Instructions to follow:
Please return each of the entries exactly, minus their pictures.

Given entries:
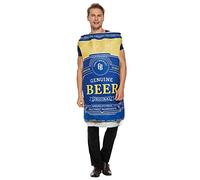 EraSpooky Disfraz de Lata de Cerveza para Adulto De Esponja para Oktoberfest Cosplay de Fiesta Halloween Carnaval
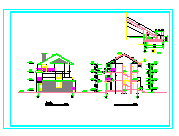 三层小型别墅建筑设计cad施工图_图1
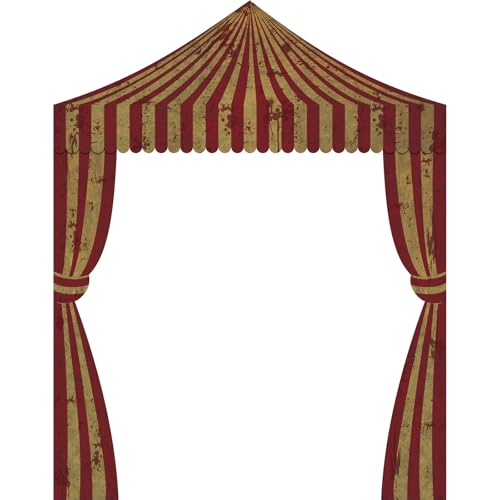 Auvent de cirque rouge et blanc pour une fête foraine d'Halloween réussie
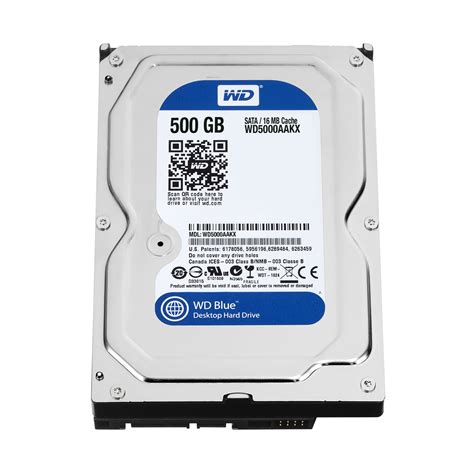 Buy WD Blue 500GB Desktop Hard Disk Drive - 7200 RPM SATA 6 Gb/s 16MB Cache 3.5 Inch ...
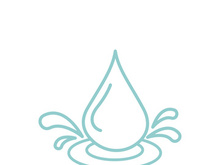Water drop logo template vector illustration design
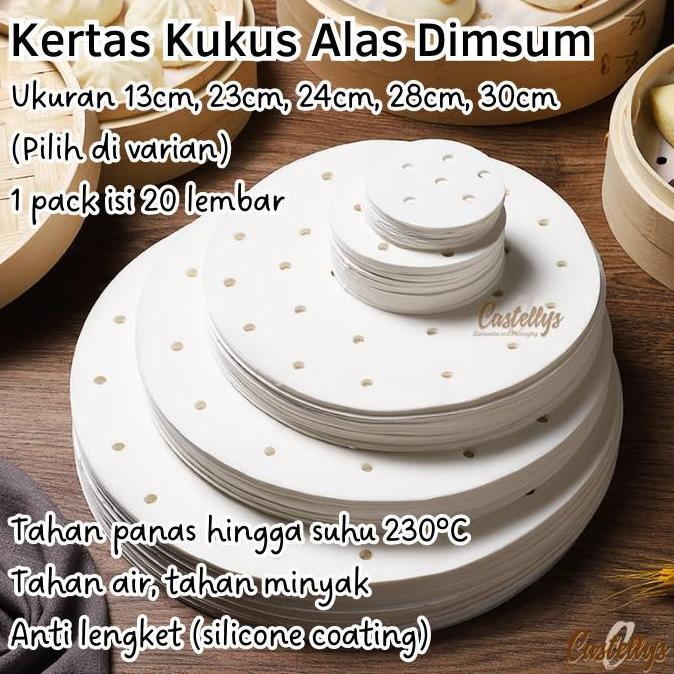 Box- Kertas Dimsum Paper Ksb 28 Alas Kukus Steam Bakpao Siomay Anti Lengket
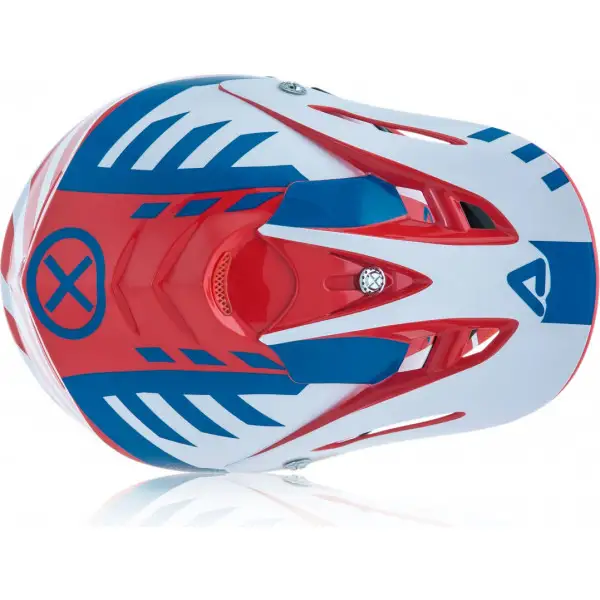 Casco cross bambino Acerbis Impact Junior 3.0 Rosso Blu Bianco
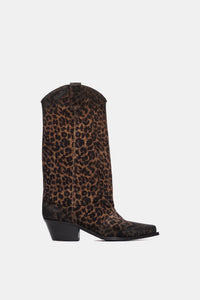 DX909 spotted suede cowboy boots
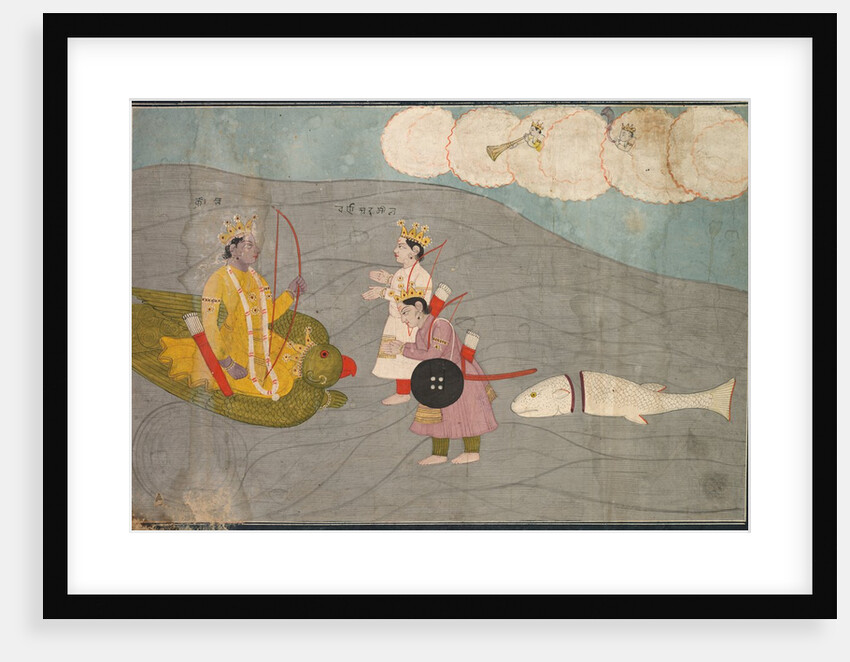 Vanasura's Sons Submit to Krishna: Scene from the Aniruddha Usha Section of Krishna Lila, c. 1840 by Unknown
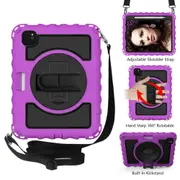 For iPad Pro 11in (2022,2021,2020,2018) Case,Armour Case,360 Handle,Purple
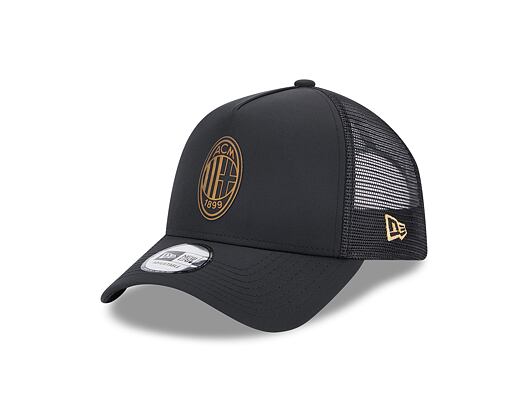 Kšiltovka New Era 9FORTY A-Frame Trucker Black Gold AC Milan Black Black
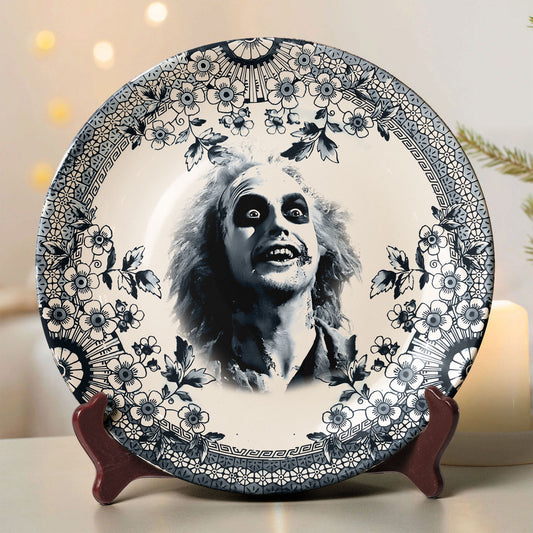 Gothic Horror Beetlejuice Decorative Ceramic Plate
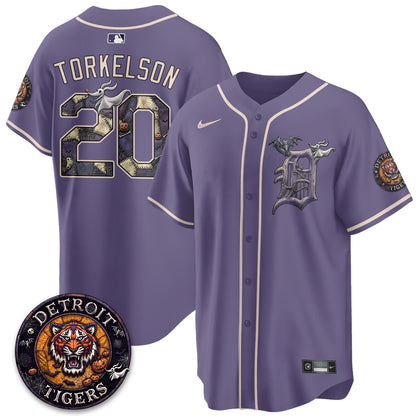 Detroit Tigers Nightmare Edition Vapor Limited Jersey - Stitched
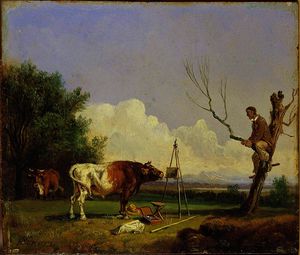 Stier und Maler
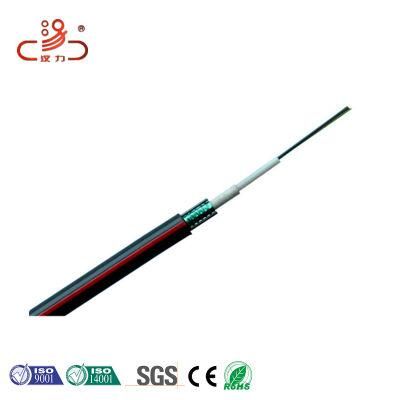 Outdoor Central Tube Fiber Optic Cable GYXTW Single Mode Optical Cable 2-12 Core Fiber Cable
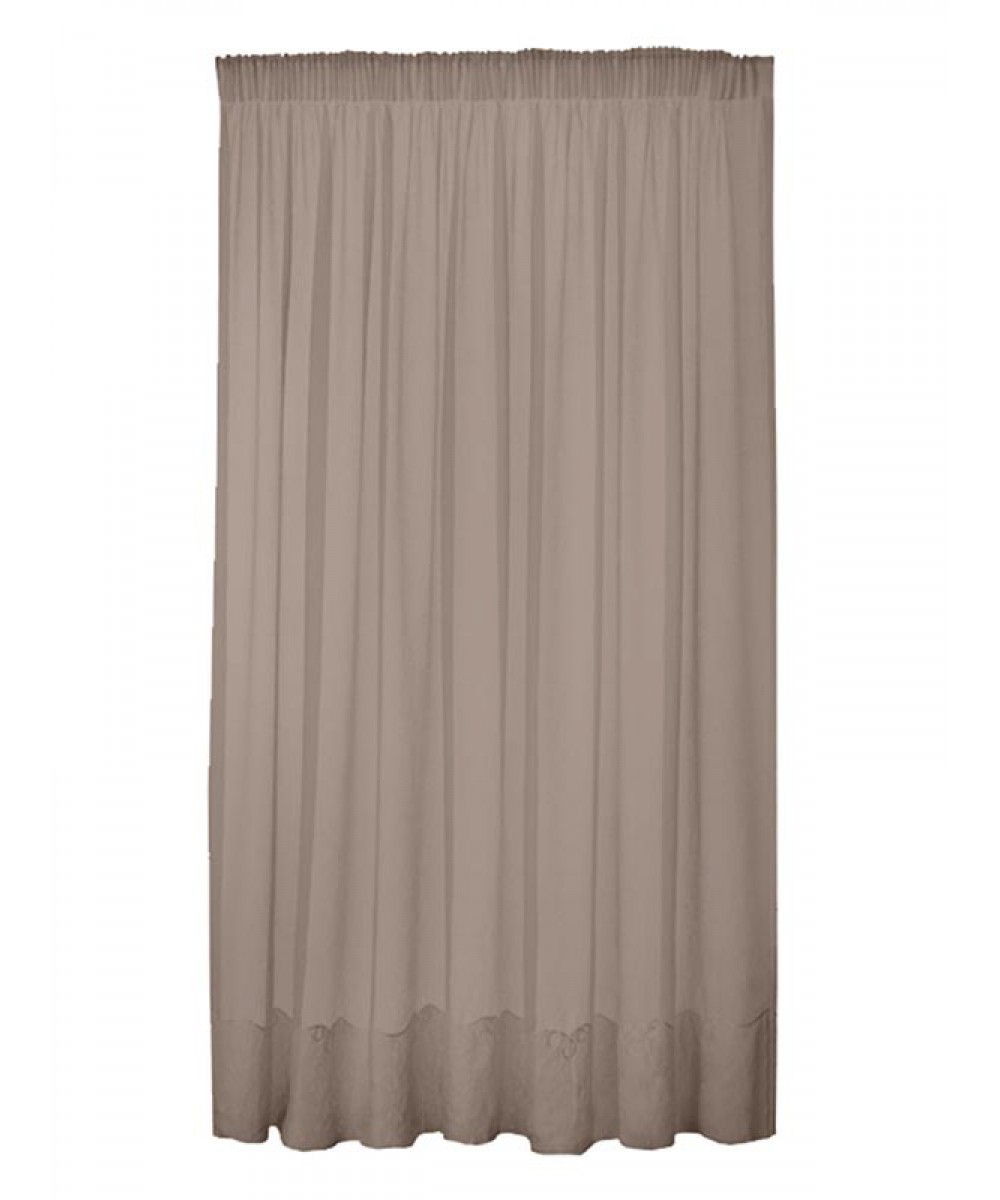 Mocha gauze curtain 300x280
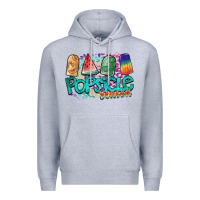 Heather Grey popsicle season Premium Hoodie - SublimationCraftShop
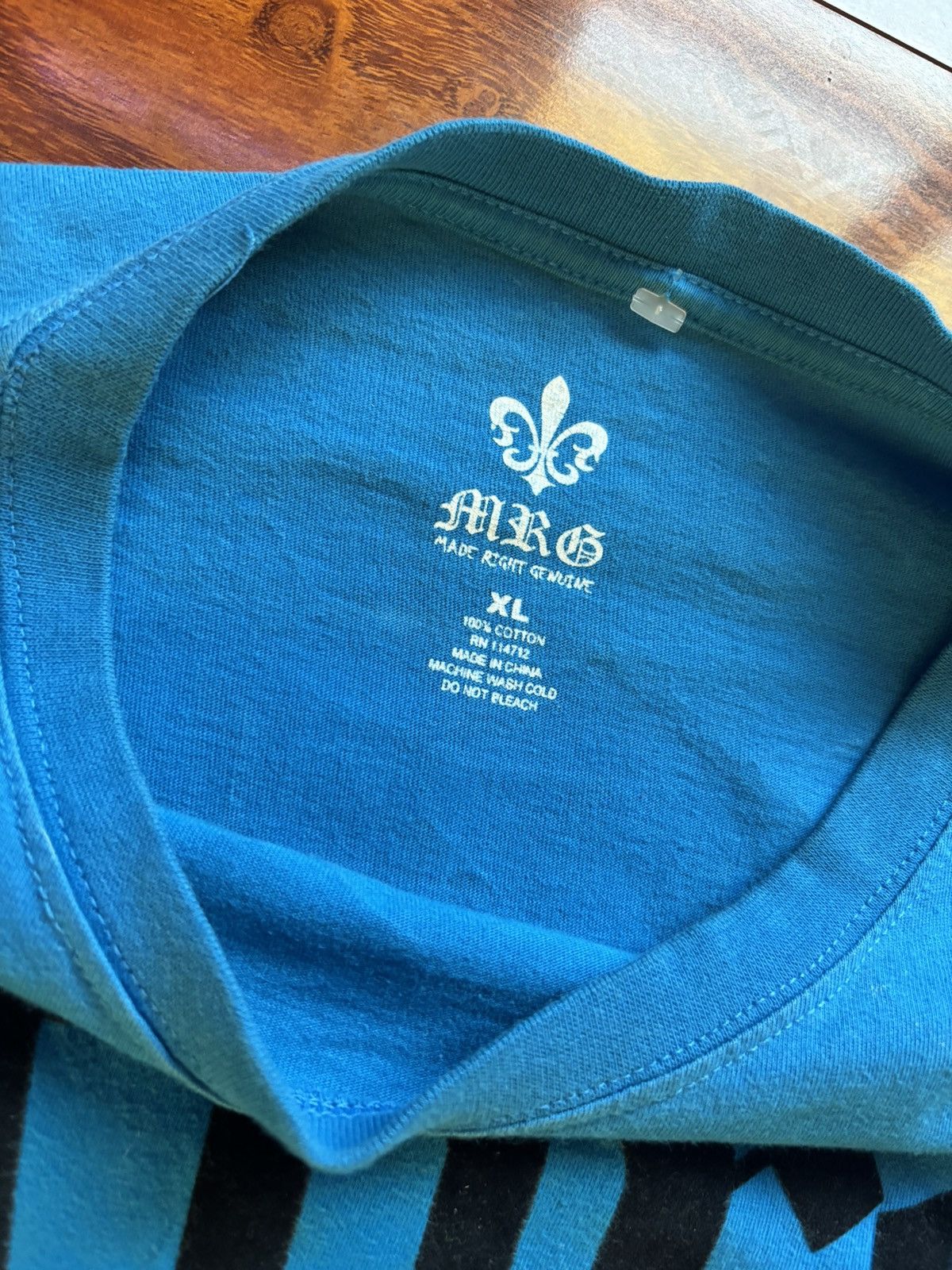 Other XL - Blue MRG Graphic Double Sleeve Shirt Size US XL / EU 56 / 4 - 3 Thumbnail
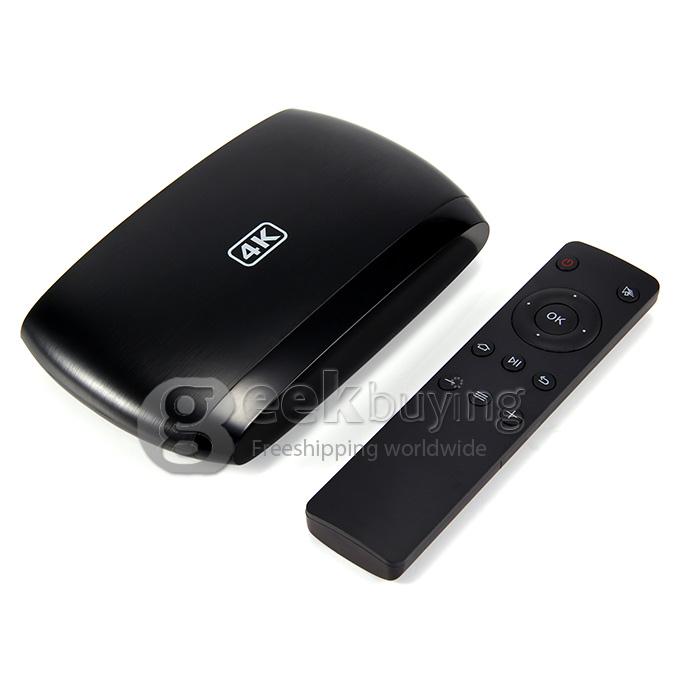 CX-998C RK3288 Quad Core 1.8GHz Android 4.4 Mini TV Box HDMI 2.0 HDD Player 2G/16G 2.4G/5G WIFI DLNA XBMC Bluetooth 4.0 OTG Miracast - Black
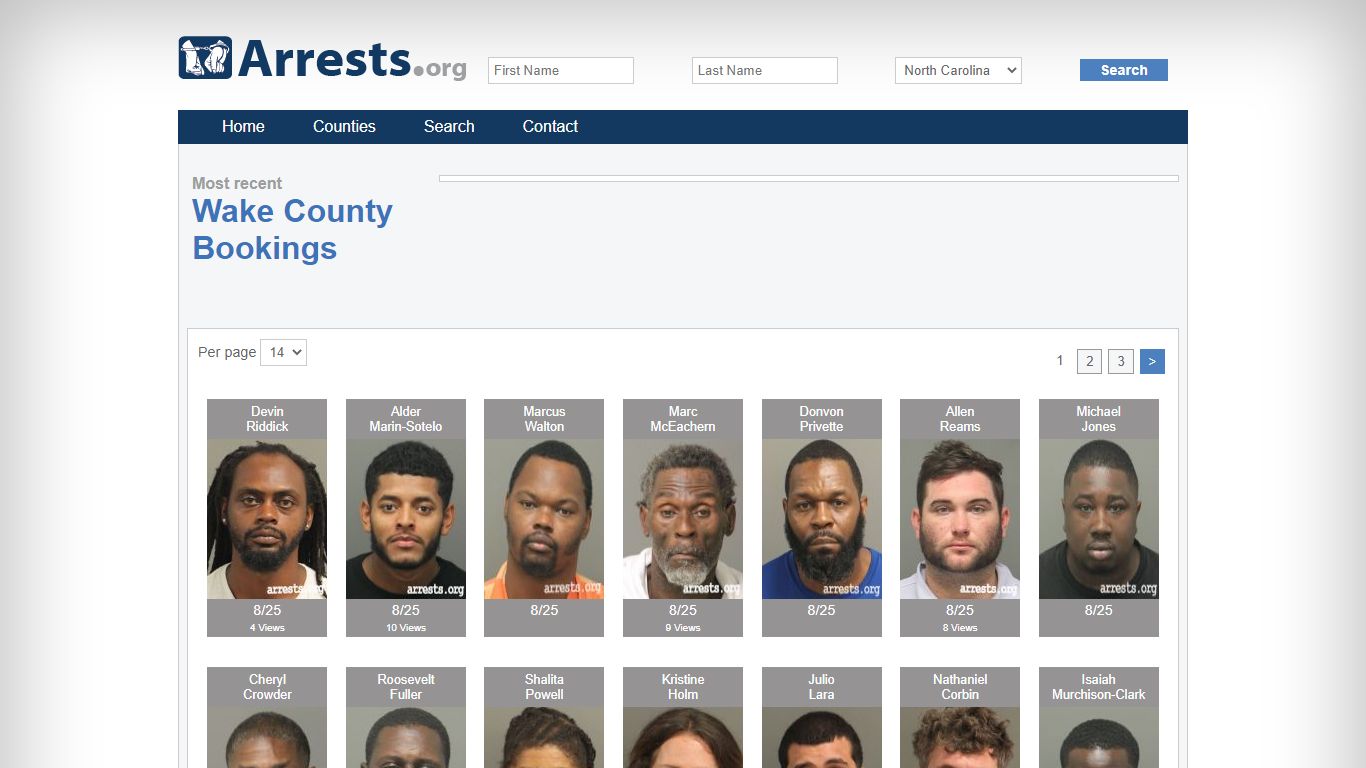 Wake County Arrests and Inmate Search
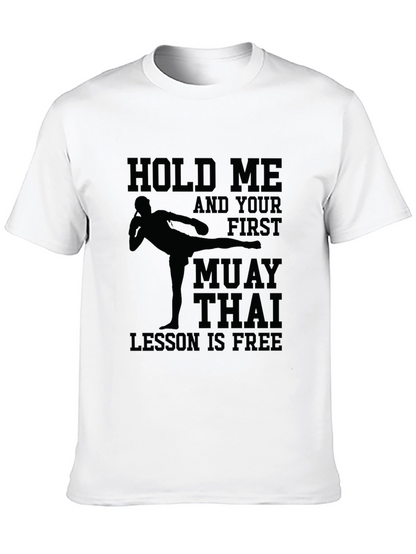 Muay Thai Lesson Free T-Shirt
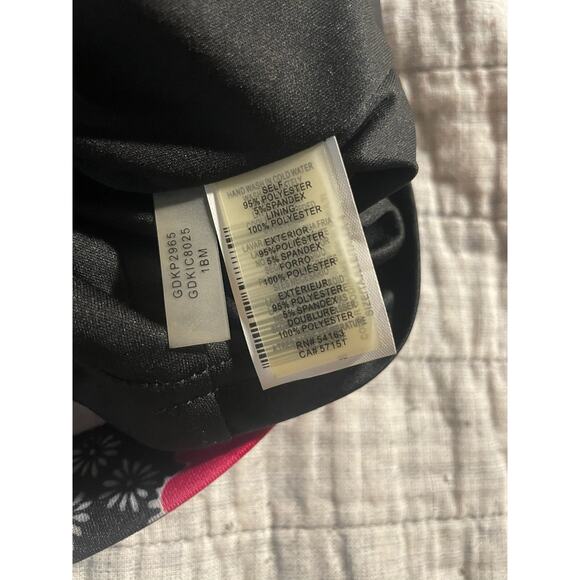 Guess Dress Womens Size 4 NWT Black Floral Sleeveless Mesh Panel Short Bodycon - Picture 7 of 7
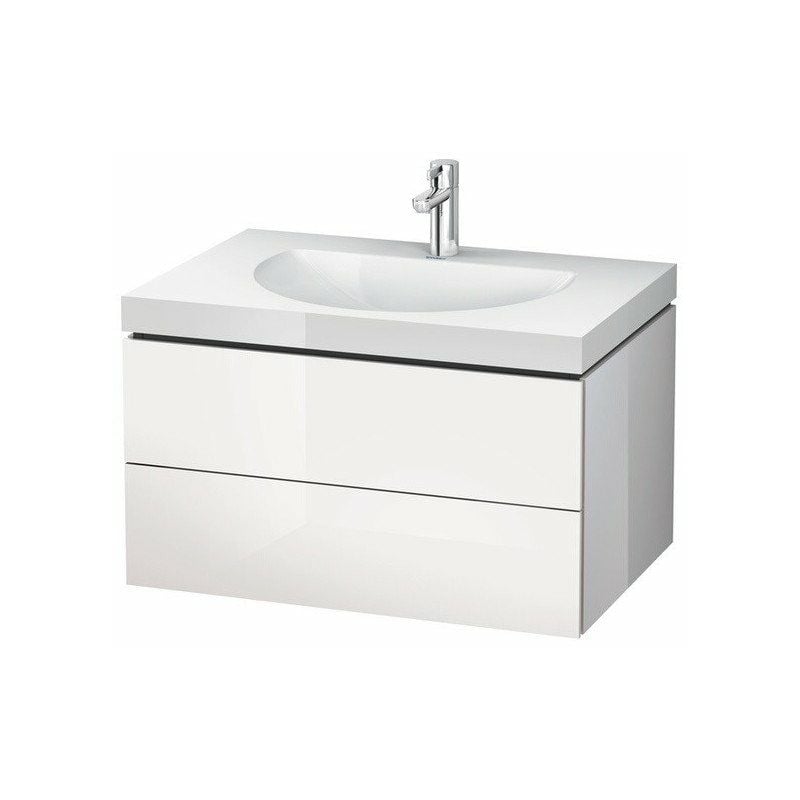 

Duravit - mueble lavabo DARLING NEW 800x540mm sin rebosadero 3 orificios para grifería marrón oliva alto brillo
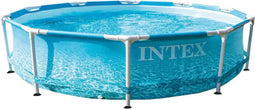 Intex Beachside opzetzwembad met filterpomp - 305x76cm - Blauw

Your solution:
 EraSpooky Disfraz de Lata de Cerveza para Adulto De Esponja para Oktoberfest Cosplay de Fiesta Halloween Carnaval
 三层小型别墅建筑设计cad施工图_图1
 Auvent de cirque rouge et blanc pour une fête foraine d'Halloween réussie
 Buy WD Blue 500GB Desktop Hard Disk Drive - 7200 RPM SATA 6 Gb/s 16MB Cache 3.5 Inch ...
Water drop logo template vector illustration design
 Box- Kertas Dimsum Paper Ksb 28 Alas Kukus Steam Bakpao Siomay Anti Lengket
 Casco cross bambino Acerbis Impact Junior 3.0 Rosso Blu Bianco
 DX909 spotted suede cowboy boots
 Vanasura's Sons Submit to Krishna: Scene from the Aniruddha Usha Section of Krishna Lila, c. 1840 by Unknown
 For iPad Pro 11in (2022,2021,2020,2018) Case,Armour Case,360 Handle,Purple
 Kšiltovka New Era 9FORTY A-Frame Trucker Black Gold AC Milan Black Black
 Gothic Horror Beetlejuice Decorative Ceramic Plate
 Detroit Tigers Nightmare Edition Vapor Limited Jersey - Stitched
 Stier und Maler
 Outdoor Central Tube Fiber Optic Cable GYXTW Single Mode Optical Cable 2-12 Core Fiber Cable
 Mocha gauze curtain 300x280
 Heather Grey popsicle season Premium Hoodie - SublimationCraftShop
 Other XL - Blue MRG Graphic Double Sleeve Shirt Size US XL / EU 56 / 4 - 3 Thumbnail
 CX-998C RK3288 Quad Core 1.8GHz Android 4.4 Mini TV Box HDMI 2.0 HDD Player 2G/16G 2.4G/5G WIFI DLNA XBMC Bluetooth 4.0 OTG Miracast - Black
 Wake County Arrests and Inmate Search
 Muay Thai Lesson Free T-Shirt
 Guess Dress Womens Size 4 NWT Black Floral Sleeveless Mesh Panel Short Bodycon - Picture 7 of 7

Duravit - mueble lavabo DARLING NEW 800x540mm sin rebosadero 3 orificios para grifería marrón oliva alto brillo
 Intex Beachside opzetzwembad met filterpomp - 305x76cm - Blauw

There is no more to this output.